Arsenal have never built themselves up in this way in previous summer months, and yet Gonzalo Higuain is deemed too expensive at €37 million – to a group of people of whom the money doesn’t actually belong – and Luis Suarez divides opinion like no other.
The club have been in need of a marquee striker to adequately replace the scoring exploits of Robin van Persie, though despite Arsenal’s heaving cash reserves, this is uncharted territory for them. There will be trepidation, uncertainty and above all mistakes, some of which we’ve already seen. Though perhaps a go-to No.9 isn’t necessarily what’s required, or at least the only option for this summer.
Arsene Wenger attempted to make do with the spending resources he had last summer by spreading the scoring burden left behind by van Persie over Lukas Podolski and Olivier Giroud, and on paper that’s probably the most sensible way of doing it. You’re not going to find a 30-goal-a-season striker simply by looking under a rock, nor will you find one within the price range of a club who, to some of their own supporters, are (or were) living in a transfer age that should now be considered ancient history.

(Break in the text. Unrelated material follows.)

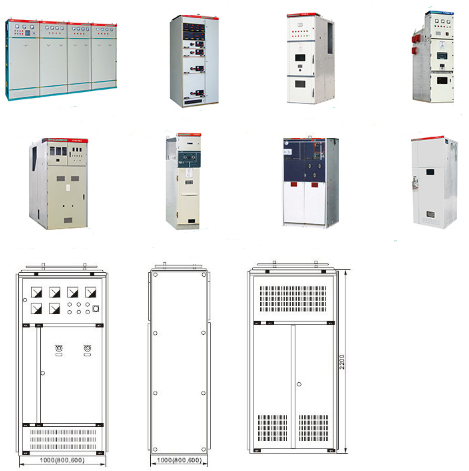 High Breaking Capacity Metal Clad And Metal Enclosed Switchgear Low Voltage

So what’s wrong with that approach this summer? The issue is the club have backed themselves into a corner by Ivan Gazidis promising the world. The club, in the modern era, have never bought a proven, world-class goal scorer (Thierry Henry, Dennis Bergkmap, etc, etc were all made at Arsenal), and the insatiable desire to see something and someone of that ilk has reached fever pitch, possibly to the point of no return.
Arsenal’s lofty status in European football doesn’t mean they can spend like most of the oil-rich clubs in England and around Europe. Additionally, Arsenal are not Bayern Munich, able to buy Javi Martinez for €40 million and barely flinch, though those days may be on the horizon soon enough.
I still absolutely do not believe that world-class players cost “world-class” fees, and there is plenty of evidence around Europe to support that notion. But some fans will never be happy unless their club shatters its previous transfer record – in the case of Arsenal, they better bring a really big hammer.
But bringing in a collection of scoring forwards and midfielders can do just as much good to a club’s credentials as title contenders as one 30-plus-goal striker. One world-class striker doesn’t make a team. Radamel Falcao – and yes, there are surrounding issues in La Liga – couldn’t guarantee Atletico Madrid a league title, nor could the Sergio Aguero/Diego Forlan partnership. Van Persie at Arsenal is another example.
It’s simple maths that not every team in the world can have a high-end striker capable of 30 goals each season, so somewhere there has to be a compromise.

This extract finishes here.